# Hakuba vs Myoko Japan



## Clevocapri (Jun 7, 2014)

That's a tough call. Both are awesome.

I have a mate who lives in Nagano so when I visit he takes me to his local mountains. Which is Myoko Suginohara. Lots of places to go off course and get pow through trees ect. Not a bad park setup. Doesn't have much nightlife. That I found anyway.

Hakuba has more of a selection of mountains. Good nightlife. Easy to get to. And lots of pow and parks too. I think most of the mountains are steeper around Hakuba.

If I didn't have my mate to guide me around Myoko ,I would just go to Hakuba.

Im sure you would find both have what you want.
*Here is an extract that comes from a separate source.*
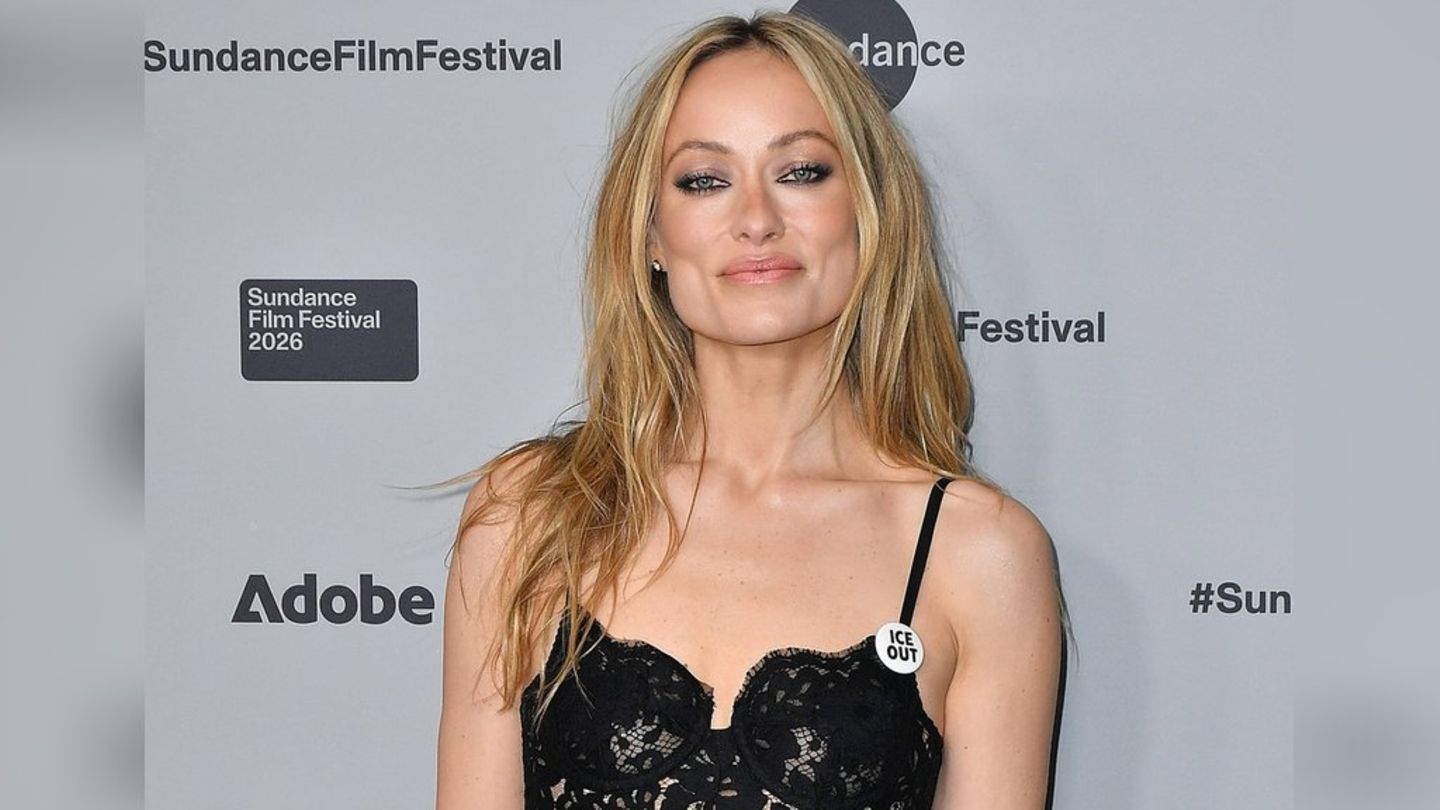 Olivia Wilde trug beim diesjährigen Sundance Film Festival einen "ICE out"-Pin, um gegen die umstrittene US-Einwanderungsbehör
I find Hakuba more tourist friendly.


----------



## skating101 (Feb 10, 2014)

Clevocapri said:


> That's a tough call. Both are awesome.
> 
> I have a mate who lives in Nagano so when I visit he takes me to his local mountains. Which is Myoko Suginohara. Lots of places to go off course and get pow through trees ect. Not a bad park setup. Doesn't have much nightlife. That I found anyway.
> 
> ...


Thanks for the reply

Not that interested in the nightlife but hows the ski in/ski out of myoko? Hows the park compared to Hakuba?


----------



## ETM (Aug 11, 2009)

Hakuba is 1000000x more popular than Myoko. With that comes the crowds so be warned. I like my riding to be nice and quiet rather than busy so I avoid places like Hakuba and Niseko.
Myoko gets more snow due to being the first mountain to get hit by the snow clouds as they roll off the sea of japan. 
Both have pretty epic backcountry, Hakuba is bigger if you want to getvserious but myoko backcountry is enough to satisfy most and once again waaaay less crowded.

Im working at a lodge in myoko this coming season so if you end up going there drop me a line, Ill show you around ;-)
This is where Im working
Chalet Myoko - Home


----------



## Clevocapri (Jun 7, 2014)

skating101 said:


> Thanks for the reply
> 
> Not that interested in the nightlife but hows the ski in/ski out of myoko? Hows the park compared to Hakuba?



Im no park expert but the parks around Hakuba looked like they had more in them.

Ive not stayed in Myoko so im not sure about the accomadation. Hakuba is definitely setup better for tourists. But as said above. That means there is more tourists! 

I will be around Myoko for the last 12days of January next year, with a couple of days at Hakuba in the middle of the trip. Cant wait!


----------



## tokyo_dom (Jan 7, 2013)

ETM said:


> Hakuba is 1000000x more popular than Myoko. With that comes the crowds so be warned. I like my riding to be nice and quiet rather than busy so I avoid places like Hakuba and Niseko.


This is because Japan is cheap and quick for Australians. And Australians know that Japan *ONLY* has 3 snowboarding destinations: Hakuba (Hekoooober), Niseko (Niiisaykoh), and the newly discovered Nozawa Onsen (No-zaaawa Ons'n). Last time i flew back from Aust around december the checked in luggage was 80% snowboarding gear. And the entire plane was full of people heading to Negaarrrrno to see Hekoober. 

However due to all the Aussie crowds at these three locations, the night life is better (not normally part of Japanese snow trips), the number of signs in English and English speaking resort workers increases, and tours/access will be easier to find in English.

Personally i love Niigata, but keen to check out Myoko and Shiga kogen this coming season


----------